EXERCISE GOAL: Keep the text of the data exactly as it is and omit each picture from the copy.

INFORMATION SHOWN:
'''
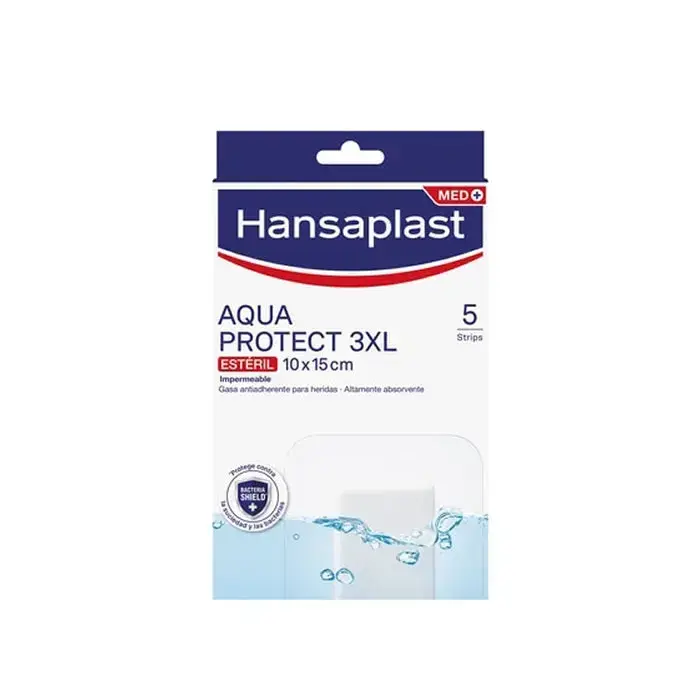 Hansaplast Aqua Protect 3xl 10x15cm (4005800299315)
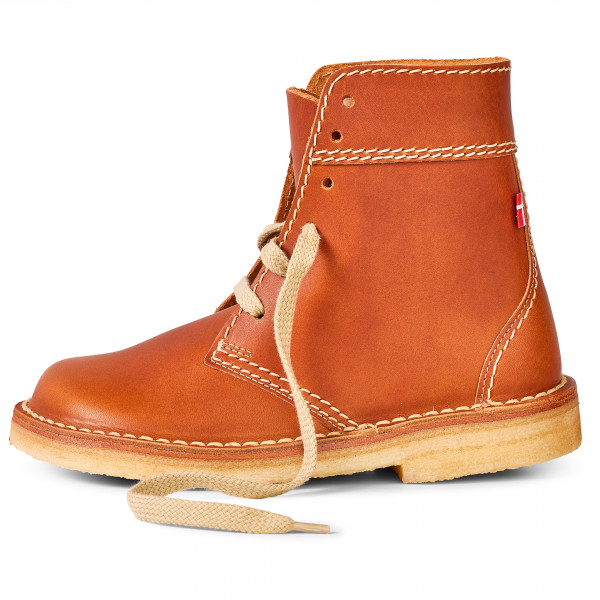 Duckfeet - Faborg - Freizeitstiefel 36 | EU 36 orange/rot
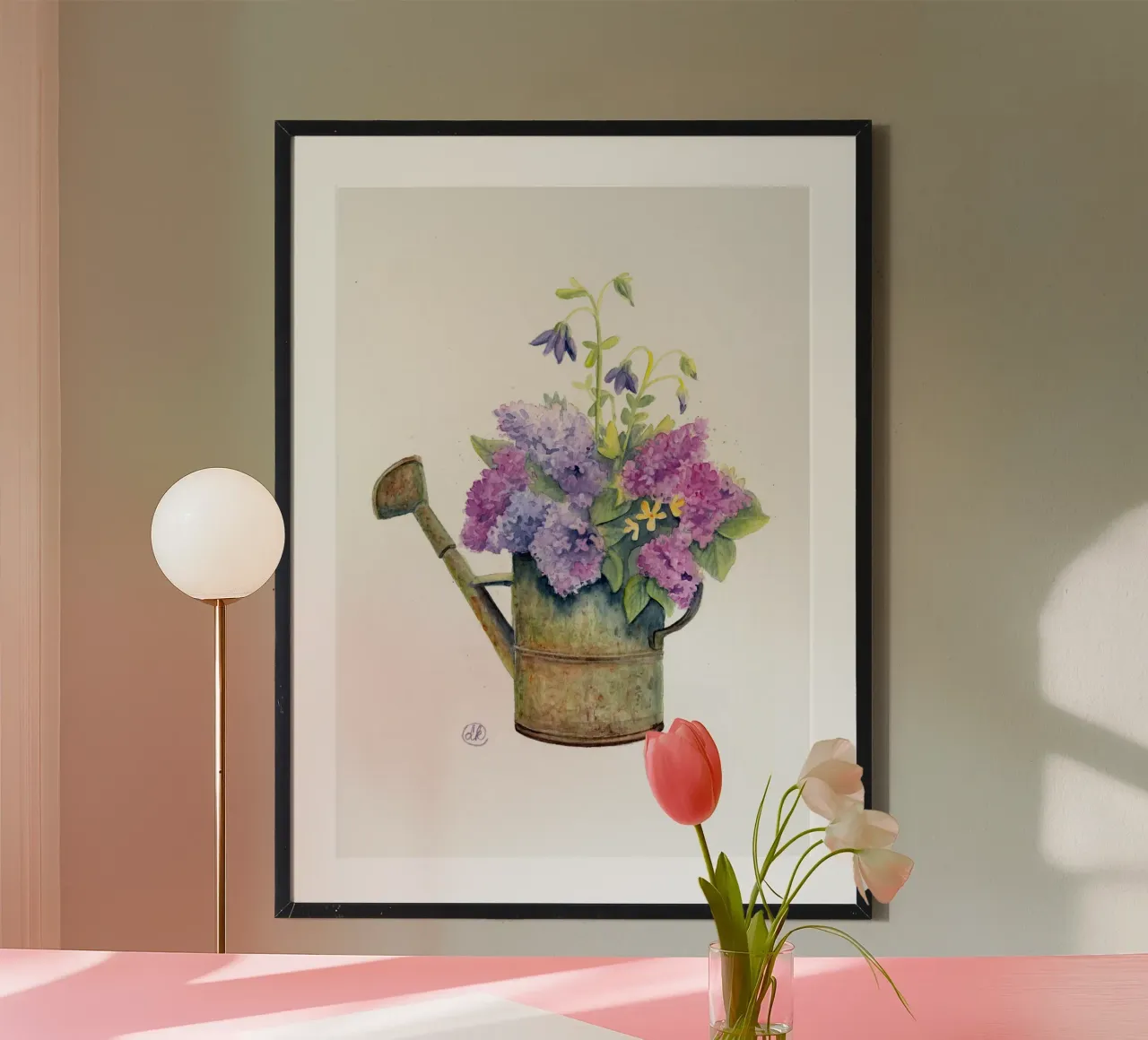 Lilla poster da DoroKaiser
'''
ANSWER SECTION:
 Hansaplast Aqua Protect 3xl 10x15cm (4005800299315)
 Duckfeet - Faborg - Freizeitstiefel 36 | EU 36 orange/rot
 Lilla poster da DoroKaiser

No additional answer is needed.